I'm sure we've all seen the emails, if a liberal doesn't like guns, he wants no one to have one, conservatives, just won't own one, and so on. Why minorities can dictate to the majority is beyond me!! When I grew up, it was always majority rule, now we have to submit to the wishes of the few. Not right, not right at all!! Sorry, the dog had to be let out, I have more thoughts. Satisfy the few, and piss off the many!!!


----------



## retired guard (Mar 7, 2013)

AquaHull said:


> Since you brought up religion, Swine is an unclean food to eat and is an abomination
> 
> What Does the Bible Say About Eating Pork?
> 
> ...


Sir you may wish to read Acts 10: 15 "Who dares call unclean what I have made clean!"


----------



## jro1 (Mar 3, 2014)

Don't come to Canada, As I will always say..............


----------



## Inor (Mar 22, 2013)

Unfortunately, eastern Canada is more Muslim and Dots than it is Canadians already.


----------



## jro1 (Mar 3, 2014)

Inor said:


> Unfortunately, eastern Canada is more Muslim and Dots than it is Canadians already.

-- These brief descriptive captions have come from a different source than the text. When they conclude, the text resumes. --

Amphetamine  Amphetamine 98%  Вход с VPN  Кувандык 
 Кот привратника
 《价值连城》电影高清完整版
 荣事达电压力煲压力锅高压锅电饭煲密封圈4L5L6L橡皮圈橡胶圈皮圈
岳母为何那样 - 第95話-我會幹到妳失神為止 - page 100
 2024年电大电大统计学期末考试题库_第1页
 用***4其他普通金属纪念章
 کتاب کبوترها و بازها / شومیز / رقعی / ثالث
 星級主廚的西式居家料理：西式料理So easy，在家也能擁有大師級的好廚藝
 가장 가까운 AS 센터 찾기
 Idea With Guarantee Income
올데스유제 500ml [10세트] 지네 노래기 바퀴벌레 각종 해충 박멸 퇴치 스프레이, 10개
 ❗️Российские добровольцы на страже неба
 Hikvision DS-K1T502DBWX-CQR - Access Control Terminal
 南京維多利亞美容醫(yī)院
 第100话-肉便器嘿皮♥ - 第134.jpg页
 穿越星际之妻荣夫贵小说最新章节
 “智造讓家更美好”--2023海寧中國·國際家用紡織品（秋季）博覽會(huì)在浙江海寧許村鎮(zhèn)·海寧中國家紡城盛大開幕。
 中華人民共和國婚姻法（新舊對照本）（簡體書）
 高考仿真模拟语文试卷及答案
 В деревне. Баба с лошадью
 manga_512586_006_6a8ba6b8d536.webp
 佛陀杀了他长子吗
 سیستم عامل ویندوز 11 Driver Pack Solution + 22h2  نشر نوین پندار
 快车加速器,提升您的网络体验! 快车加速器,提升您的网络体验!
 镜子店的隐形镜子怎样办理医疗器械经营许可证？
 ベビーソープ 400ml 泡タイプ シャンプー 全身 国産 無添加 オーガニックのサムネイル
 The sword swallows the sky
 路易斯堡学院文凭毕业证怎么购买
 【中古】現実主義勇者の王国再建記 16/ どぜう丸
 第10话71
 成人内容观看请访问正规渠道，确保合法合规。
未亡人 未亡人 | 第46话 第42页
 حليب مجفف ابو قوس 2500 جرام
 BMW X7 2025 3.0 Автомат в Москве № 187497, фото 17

that's why I prefer not too know whats happening east of Alberta!


----------



## paraquack (Mar 1, 2013)

I guess this would drive Muslims out their F-ing mind! Now that's what I call a sandwich!
View attachment 5271


----------



## Silverback (Jan 20, 2014)

Somehow I knew the Inors would jump in on this.


----------



## Ratchetman (May 2, 2014)

Eating people is unclean...the rest is on the menu. We should mix pork fat in with their drinking water.


----------



## Piratesailor (Nov 9, 2012)

Yeah, I'm done with subway.


----------



## Piratesailor (Nov 9, 2012)

And let's add this to the view of Islam.

Head teachers raise 'serious concerns' over Islamic school take-over - Telegraph


----------



## Beach Kowboy (Feb 13, 2014)

But they are innocent and have no ill intentions...


----------



## keith9365 (Apr 23, 2014)

Qur'an:9:88 - "The Messenger and those who believe with him, strive hard and fight with their wealth and lives in Allah's Cause."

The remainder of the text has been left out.